▶ _WHAT IS BEING ASKED_: Copy out all the lines of the data that hold the word "Nissan".

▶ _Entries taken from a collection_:
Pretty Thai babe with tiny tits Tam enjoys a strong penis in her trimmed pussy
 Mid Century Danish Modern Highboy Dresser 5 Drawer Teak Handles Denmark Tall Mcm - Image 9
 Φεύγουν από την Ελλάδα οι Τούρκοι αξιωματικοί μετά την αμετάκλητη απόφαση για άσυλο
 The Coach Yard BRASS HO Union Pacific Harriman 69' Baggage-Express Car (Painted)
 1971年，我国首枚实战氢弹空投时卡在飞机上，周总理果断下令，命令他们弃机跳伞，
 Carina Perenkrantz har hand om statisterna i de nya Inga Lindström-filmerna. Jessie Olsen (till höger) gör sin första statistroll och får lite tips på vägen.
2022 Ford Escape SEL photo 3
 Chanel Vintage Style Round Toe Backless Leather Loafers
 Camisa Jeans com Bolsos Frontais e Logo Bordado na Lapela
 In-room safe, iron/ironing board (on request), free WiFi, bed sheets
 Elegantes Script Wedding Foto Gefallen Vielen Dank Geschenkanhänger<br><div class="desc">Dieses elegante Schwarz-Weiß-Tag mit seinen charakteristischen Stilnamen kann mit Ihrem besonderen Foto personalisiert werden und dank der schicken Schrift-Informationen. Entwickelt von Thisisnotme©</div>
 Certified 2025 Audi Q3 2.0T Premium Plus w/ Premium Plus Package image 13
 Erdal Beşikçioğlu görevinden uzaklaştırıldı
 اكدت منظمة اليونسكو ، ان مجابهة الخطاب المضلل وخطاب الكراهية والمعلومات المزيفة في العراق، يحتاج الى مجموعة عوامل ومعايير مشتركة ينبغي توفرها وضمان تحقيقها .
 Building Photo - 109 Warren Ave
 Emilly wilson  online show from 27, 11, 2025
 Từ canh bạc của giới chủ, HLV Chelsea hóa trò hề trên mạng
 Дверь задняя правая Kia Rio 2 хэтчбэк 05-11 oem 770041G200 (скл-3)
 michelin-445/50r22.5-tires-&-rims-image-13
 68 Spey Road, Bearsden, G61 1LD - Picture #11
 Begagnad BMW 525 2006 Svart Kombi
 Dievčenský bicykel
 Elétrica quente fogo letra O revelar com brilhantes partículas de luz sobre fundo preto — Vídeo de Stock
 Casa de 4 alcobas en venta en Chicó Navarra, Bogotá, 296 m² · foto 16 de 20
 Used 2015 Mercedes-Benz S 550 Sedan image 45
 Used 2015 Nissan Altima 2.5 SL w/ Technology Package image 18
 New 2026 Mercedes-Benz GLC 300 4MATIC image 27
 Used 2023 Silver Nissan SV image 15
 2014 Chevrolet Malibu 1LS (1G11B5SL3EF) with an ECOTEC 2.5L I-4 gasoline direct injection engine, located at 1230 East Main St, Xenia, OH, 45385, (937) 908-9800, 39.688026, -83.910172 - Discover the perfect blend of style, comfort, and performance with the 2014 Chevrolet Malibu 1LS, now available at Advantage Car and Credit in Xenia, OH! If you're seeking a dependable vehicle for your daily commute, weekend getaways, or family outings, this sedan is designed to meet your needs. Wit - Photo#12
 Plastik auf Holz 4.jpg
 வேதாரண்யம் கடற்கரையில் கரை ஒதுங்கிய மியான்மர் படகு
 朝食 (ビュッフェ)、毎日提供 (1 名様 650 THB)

▶ _ANSWER TO THIS PROBLEM_:
 Used 2015 Nissan Altima 2.5 SL w/ Technology Package image 18
 Used 2023 Silver Nissan SV image 15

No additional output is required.